** How to complete this task **
Using the records below, repeat exactly the lines from the one holding "3rd image of 1415 NE Falstaff Ln" through the one holding "3rd image of 111 Golden Isles Dr APT F10", both ends included, and no others.

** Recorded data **

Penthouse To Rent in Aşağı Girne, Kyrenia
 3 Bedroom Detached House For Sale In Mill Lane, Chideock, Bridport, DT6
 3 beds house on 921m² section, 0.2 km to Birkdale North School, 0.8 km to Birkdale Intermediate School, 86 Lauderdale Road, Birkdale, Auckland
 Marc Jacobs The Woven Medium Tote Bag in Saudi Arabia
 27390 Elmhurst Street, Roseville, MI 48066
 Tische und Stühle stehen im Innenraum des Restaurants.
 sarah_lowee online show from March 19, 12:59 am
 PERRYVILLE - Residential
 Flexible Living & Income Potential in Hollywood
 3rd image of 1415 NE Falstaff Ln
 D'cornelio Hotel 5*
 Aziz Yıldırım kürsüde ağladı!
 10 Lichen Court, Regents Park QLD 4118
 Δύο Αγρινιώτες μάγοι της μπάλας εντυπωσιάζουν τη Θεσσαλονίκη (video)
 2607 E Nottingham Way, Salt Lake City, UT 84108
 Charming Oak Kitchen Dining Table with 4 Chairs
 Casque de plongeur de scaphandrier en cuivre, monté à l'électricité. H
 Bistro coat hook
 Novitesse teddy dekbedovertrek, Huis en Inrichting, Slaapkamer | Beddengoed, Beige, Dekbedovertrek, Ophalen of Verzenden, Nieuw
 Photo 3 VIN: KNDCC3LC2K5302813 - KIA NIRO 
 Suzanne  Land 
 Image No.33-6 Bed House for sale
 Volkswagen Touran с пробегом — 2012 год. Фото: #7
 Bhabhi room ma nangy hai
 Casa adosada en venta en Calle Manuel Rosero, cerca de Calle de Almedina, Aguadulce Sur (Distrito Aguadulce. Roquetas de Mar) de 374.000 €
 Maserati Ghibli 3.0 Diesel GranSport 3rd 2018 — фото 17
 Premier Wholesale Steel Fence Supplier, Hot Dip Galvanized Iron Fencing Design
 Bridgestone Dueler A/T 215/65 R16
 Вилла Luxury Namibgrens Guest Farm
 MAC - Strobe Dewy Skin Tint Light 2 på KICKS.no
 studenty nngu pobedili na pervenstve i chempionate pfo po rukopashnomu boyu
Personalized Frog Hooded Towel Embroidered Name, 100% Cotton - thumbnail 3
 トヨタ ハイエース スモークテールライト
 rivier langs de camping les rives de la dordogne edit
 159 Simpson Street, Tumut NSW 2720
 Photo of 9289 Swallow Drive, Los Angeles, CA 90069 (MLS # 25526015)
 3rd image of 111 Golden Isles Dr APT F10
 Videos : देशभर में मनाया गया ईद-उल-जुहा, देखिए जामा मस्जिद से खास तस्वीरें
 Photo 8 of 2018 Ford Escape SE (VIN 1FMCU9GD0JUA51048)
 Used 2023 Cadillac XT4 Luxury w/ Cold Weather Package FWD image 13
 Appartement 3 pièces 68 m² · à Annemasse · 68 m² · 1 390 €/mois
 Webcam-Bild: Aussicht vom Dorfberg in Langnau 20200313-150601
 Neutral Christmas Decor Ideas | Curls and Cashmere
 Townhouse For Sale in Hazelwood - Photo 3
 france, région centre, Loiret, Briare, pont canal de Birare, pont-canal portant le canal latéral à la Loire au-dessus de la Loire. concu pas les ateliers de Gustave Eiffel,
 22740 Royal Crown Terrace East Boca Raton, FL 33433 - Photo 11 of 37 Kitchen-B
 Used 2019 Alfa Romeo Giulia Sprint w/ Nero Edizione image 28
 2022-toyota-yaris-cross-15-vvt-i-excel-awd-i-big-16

** Solution **
 3rd image of 1415 NE Falstaff Ln
 D'cornelio Hotel 5*
 Aziz Yıldırım kürsüde ağladı!
 10 Lichen Court, Regents Park QLD 4118
 Δύο Αγρινιώτες μάγοι της μπάλας εντυπωσιάζουν τη Θεσσαλονίκη (video)
 2607 E Nottingham Way, Salt Lake City, UT 84108
 Charming Oak Kitchen Dining Table with 4 Chairs
 Casque de plongeur de scaphandrier en cuivre, monté à l'électricité. H
 Bistro coat hook
 Novitesse teddy dekbedovertrek, Huis en Inrichting, Slaapkamer | Beddengoed, Beige, Dekbedovertrek, Ophalen of Verzenden, Nieuw
 Photo 3 VIN: KNDCC3LC2K5302813 - KIA NIRO 
 Suzanne  Land 
 Image No.33-6 Bed House for sale
 Volkswagen Touran с пробегом — 2012 год. Фото: #7
 Bhabhi room ma nangy hai
 Casa adosada en venta en Calle Manuel Rosero, cerca de Calle de Almedina, Aguadulce Sur (Distrito Aguadulce. Roquetas de Mar) de 374.000 €
 Maserati Ghibli 3.0 Diesel GranSport 3rd 2018 — фото 17
 Premier Wholesale Steel Fence Supplier, Hot Dip Galvanized Iron Fencing Design
 Bridgestone Dueler A/T 215/65 R16
 Вилла Luxury Namibgrens Guest Farm
 MAC - Strobe Dewy Skin Tint Light 2 på KICKS.no
 studenty nngu pobedili na pervenstve i chempionate pfo po rukopashnomu boyu
Personalized Frog Hooded Towel Embroidered Name, 100% Cotton - thumbnail 3
 トヨタ ハイエース スモークテールライト
 rivier langs de camping les rives de la dordogne edit
 159 Simpson Street, Tumut NSW 2720
 Photo of 9289 Swallow Drive, Los Angeles, CA 90069 (MLS # 25526015)
 3rd image of 111 Golden Isles Dr APT F10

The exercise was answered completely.